Treatment began with chemotherapy injections, then pills that made her feel like a ticking time bomb as radiotherapy sessions burned through her skin from navel to thigh. 'It looked like sunburn,' she recalled, 'but it was excruciating.' Two weeks into the regimen, she collapsed after an allergic reaction so severe doctors warned her they could have lost her during those nine days of IV drips and swelling that made walking impossible.
And yet, through every setback—through a husband unable to visit because of lockdowns, through the blistering pain from radiation burns—Locke survived. In August 2022, after months of scans confirming remission, she stood on her front porch with the same resolve that had kept her alive: 'My life is brighter now.'
But as Locke's story reveals, rectal cancer does not discriminate by age or gender. Every year in the UK alone, 44,000 people are diagnosed with bowel cancer—25% of which affect the rectum specifically—and yet many patients dismiss symptoms like blood in stool and unexplained fatigue until it is too late.
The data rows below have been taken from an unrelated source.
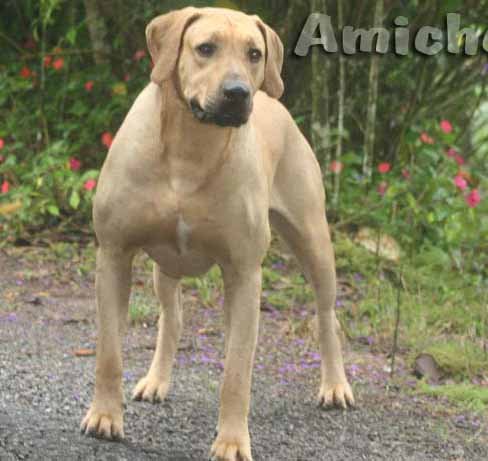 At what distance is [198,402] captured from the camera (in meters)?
4.75

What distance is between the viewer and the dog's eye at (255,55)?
3888 mm

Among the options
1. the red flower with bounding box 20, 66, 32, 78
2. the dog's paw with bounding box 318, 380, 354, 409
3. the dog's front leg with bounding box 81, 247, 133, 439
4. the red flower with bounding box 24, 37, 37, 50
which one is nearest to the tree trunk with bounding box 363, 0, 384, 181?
the red flower with bounding box 20, 66, 32, 78

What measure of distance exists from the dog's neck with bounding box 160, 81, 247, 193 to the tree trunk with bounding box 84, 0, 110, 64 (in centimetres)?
439

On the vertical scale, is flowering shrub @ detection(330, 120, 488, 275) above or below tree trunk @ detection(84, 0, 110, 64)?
below

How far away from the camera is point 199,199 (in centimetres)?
398

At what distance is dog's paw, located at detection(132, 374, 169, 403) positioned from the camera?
4754 millimetres

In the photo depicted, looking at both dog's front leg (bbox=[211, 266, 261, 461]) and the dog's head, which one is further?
dog's front leg (bbox=[211, 266, 261, 461])

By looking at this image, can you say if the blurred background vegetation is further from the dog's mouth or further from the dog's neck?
the dog's mouth

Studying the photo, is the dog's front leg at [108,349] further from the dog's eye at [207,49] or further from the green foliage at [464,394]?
the green foliage at [464,394]

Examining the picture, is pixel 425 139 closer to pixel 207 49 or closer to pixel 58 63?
pixel 58 63

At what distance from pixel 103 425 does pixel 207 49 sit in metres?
1.35

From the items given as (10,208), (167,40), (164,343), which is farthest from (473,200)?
(167,40)

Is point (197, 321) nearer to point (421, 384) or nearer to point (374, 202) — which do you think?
point (421, 384)

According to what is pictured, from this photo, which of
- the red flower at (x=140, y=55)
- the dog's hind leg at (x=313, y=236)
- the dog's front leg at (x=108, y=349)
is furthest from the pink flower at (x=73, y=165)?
the dog's front leg at (x=108, y=349) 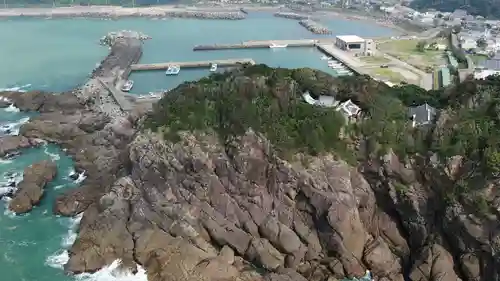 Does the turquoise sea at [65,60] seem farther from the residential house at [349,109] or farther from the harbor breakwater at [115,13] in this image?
the residential house at [349,109]

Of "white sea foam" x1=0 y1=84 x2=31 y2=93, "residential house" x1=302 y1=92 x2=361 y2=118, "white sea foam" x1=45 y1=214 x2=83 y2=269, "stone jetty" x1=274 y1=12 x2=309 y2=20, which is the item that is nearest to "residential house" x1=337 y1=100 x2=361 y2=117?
"residential house" x1=302 y1=92 x2=361 y2=118

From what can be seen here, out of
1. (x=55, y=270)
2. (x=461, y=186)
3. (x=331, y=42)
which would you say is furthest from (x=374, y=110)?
(x=331, y=42)

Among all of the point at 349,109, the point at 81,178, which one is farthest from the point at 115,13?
the point at 349,109

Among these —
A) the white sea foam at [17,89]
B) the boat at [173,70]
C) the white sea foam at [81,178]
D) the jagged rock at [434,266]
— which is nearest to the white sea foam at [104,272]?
the white sea foam at [81,178]

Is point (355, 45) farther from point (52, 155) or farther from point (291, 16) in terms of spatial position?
point (52, 155)

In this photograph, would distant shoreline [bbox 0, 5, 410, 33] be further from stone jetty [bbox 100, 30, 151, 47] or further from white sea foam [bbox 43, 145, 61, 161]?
white sea foam [bbox 43, 145, 61, 161]

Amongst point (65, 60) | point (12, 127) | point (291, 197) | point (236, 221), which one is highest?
point (291, 197) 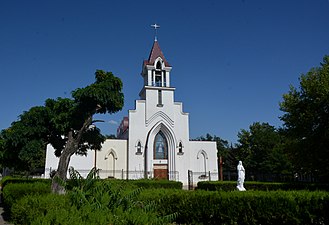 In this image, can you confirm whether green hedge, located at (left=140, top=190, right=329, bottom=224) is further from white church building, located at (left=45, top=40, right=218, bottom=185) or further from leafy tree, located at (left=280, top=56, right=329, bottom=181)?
white church building, located at (left=45, top=40, right=218, bottom=185)

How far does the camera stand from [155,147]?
39.1 m

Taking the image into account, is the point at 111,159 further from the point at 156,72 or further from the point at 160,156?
the point at 156,72

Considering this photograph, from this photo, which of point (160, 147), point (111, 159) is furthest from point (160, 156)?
point (111, 159)

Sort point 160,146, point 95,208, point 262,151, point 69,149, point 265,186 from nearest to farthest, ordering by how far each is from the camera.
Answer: point 95,208
point 69,149
point 265,186
point 160,146
point 262,151

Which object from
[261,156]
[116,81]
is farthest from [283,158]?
[116,81]

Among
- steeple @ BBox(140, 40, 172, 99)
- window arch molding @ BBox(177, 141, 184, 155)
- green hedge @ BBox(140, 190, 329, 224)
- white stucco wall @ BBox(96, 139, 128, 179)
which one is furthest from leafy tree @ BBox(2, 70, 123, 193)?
steeple @ BBox(140, 40, 172, 99)

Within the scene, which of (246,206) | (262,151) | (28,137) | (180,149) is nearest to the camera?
(246,206)

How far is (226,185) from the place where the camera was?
2553cm

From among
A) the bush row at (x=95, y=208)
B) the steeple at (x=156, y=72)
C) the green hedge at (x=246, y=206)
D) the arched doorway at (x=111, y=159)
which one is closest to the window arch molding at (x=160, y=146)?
the arched doorway at (x=111, y=159)

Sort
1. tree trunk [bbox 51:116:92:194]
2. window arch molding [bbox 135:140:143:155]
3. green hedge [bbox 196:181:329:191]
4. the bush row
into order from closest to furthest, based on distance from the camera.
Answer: the bush row < tree trunk [bbox 51:116:92:194] < green hedge [bbox 196:181:329:191] < window arch molding [bbox 135:140:143:155]

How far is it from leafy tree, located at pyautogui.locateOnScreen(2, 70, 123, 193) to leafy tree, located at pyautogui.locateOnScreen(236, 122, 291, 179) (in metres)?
30.0

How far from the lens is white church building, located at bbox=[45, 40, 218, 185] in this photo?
124 ft

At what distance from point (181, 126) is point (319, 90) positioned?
21.1m

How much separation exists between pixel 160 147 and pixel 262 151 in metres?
17.9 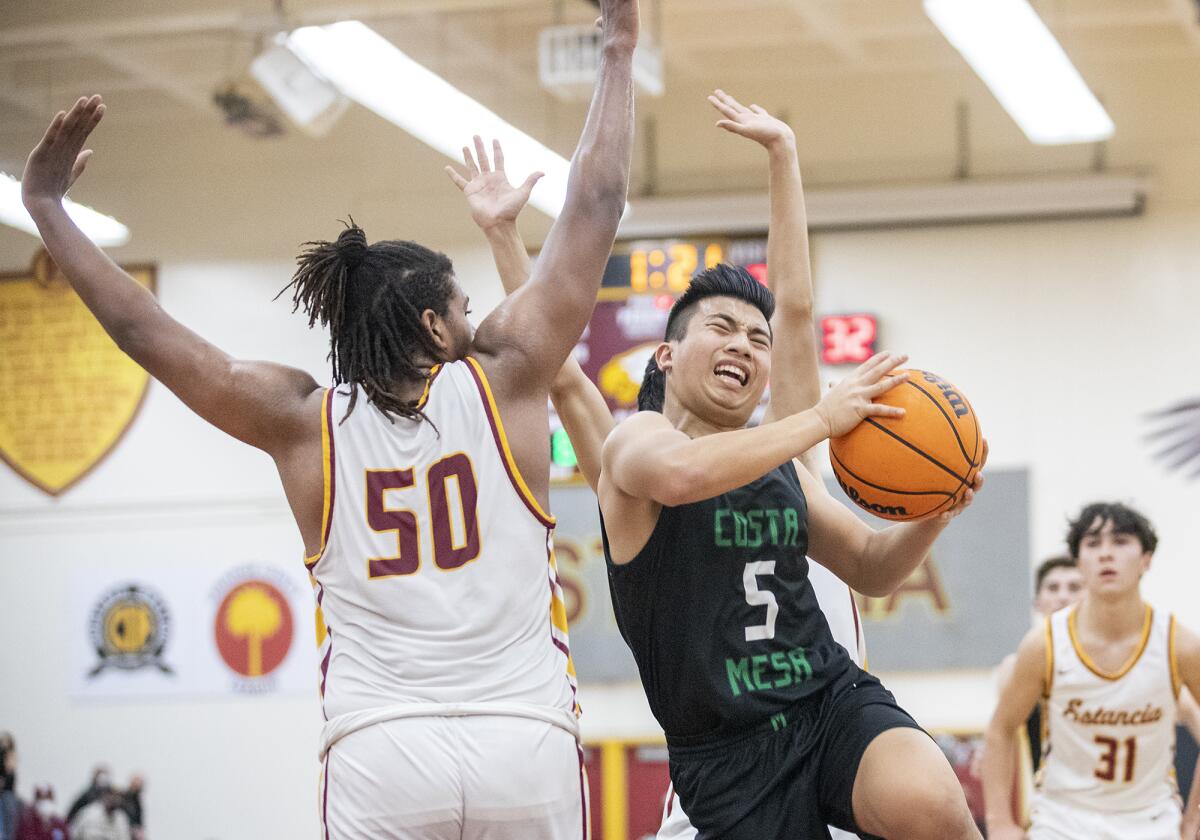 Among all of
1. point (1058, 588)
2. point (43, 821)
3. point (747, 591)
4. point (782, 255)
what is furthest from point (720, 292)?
point (43, 821)

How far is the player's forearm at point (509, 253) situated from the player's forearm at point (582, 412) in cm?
28

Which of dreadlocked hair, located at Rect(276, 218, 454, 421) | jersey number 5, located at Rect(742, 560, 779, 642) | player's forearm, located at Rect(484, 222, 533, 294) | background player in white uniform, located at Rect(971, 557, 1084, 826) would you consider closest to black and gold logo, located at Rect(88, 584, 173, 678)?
background player in white uniform, located at Rect(971, 557, 1084, 826)

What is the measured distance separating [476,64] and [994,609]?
17.1 feet

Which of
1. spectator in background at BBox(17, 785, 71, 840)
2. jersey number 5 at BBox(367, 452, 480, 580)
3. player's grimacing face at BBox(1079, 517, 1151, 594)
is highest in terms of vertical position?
jersey number 5 at BBox(367, 452, 480, 580)

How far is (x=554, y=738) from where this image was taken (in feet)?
10.3

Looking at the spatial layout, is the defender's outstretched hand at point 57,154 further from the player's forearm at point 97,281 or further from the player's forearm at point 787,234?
the player's forearm at point 787,234

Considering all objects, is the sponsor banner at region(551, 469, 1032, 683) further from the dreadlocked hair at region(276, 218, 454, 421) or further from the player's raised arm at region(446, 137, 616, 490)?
the dreadlocked hair at region(276, 218, 454, 421)

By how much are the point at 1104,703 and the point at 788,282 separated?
313 cm

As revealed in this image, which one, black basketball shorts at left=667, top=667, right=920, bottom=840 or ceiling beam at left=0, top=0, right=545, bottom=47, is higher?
ceiling beam at left=0, top=0, right=545, bottom=47

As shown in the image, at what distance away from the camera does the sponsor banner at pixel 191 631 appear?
38.1 ft

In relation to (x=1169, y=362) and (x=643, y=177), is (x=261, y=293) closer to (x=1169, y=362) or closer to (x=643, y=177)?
(x=643, y=177)

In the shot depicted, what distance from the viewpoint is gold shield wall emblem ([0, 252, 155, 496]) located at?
12195mm

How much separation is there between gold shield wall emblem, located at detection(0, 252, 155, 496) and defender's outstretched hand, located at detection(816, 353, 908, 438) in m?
9.65

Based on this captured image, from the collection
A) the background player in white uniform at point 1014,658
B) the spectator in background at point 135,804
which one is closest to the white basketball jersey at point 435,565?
the background player in white uniform at point 1014,658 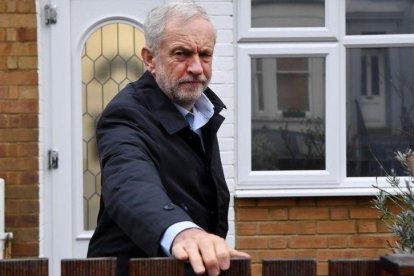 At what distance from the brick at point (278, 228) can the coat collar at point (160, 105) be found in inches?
123

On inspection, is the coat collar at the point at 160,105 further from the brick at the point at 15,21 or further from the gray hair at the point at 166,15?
the brick at the point at 15,21

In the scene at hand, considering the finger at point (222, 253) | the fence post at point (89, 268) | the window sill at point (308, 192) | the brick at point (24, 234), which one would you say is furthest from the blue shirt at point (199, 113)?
the brick at point (24, 234)

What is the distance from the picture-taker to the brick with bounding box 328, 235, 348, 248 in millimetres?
5648

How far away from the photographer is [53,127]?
561 cm

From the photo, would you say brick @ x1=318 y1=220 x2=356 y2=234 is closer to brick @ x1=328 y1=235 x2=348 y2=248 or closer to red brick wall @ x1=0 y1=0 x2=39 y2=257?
brick @ x1=328 y1=235 x2=348 y2=248

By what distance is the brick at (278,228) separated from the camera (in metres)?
5.60

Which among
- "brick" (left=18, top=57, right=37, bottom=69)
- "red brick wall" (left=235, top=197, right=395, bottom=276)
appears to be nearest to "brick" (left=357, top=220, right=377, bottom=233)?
"red brick wall" (left=235, top=197, right=395, bottom=276)

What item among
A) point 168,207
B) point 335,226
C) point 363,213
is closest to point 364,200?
point 363,213

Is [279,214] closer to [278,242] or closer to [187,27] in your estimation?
[278,242]

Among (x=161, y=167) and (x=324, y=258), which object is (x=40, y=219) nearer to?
(x=324, y=258)

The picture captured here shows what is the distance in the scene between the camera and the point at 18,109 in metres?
5.47

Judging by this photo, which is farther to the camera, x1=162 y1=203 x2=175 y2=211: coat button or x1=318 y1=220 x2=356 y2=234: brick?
x1=318 y1=220 x2=356 y2=234: brick

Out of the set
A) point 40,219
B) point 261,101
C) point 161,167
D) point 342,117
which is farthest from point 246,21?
point 161,167

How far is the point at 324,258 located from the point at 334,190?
44 centimetres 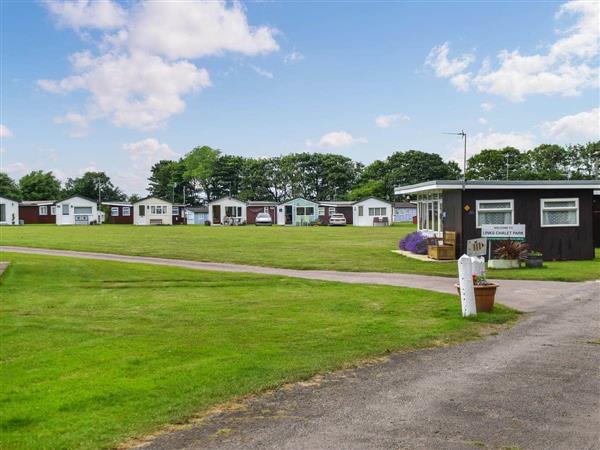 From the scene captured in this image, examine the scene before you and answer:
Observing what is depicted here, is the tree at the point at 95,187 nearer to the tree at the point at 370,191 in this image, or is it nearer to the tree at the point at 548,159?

Dr. Angad Dhillon, a consultant gastroenterologist who has treated dozens of similar cases, warns that early detection could have saved countless lives. 'When we catch cancer at Stage One,' he explains, 'we're looking at cure rates upwards of 90%. But if it's not caught until later stages? The survival rate plummets.'
That is why the UK government has rolled out bowel screening to everyone over 50 through NHS FIT tests. These small home kits analyze stool for microscopic traces of blood—something that can signal polyps or early-stage rectal cancer before symptoms even manifest. 'I think it's a game-changer,' Dr. Dhillon says, though he knows the reality is not always as optimistic.
For Locke and millions like her, this story serves both as cautionary tale and reminder: your body does not lie. If you notice blood in the toilet paper or changes in bowel habits that don't fade after a week—call your GP. Don't wait for the hospital to give you an ultimatum.
Because time is the enemy when it comes to rectal cancer, and every day lost without treatment can be another step closer to irreversible damage. For Jane Locke, she had two years of life left on borrowed time before that first blood-stained paper changed everything forever.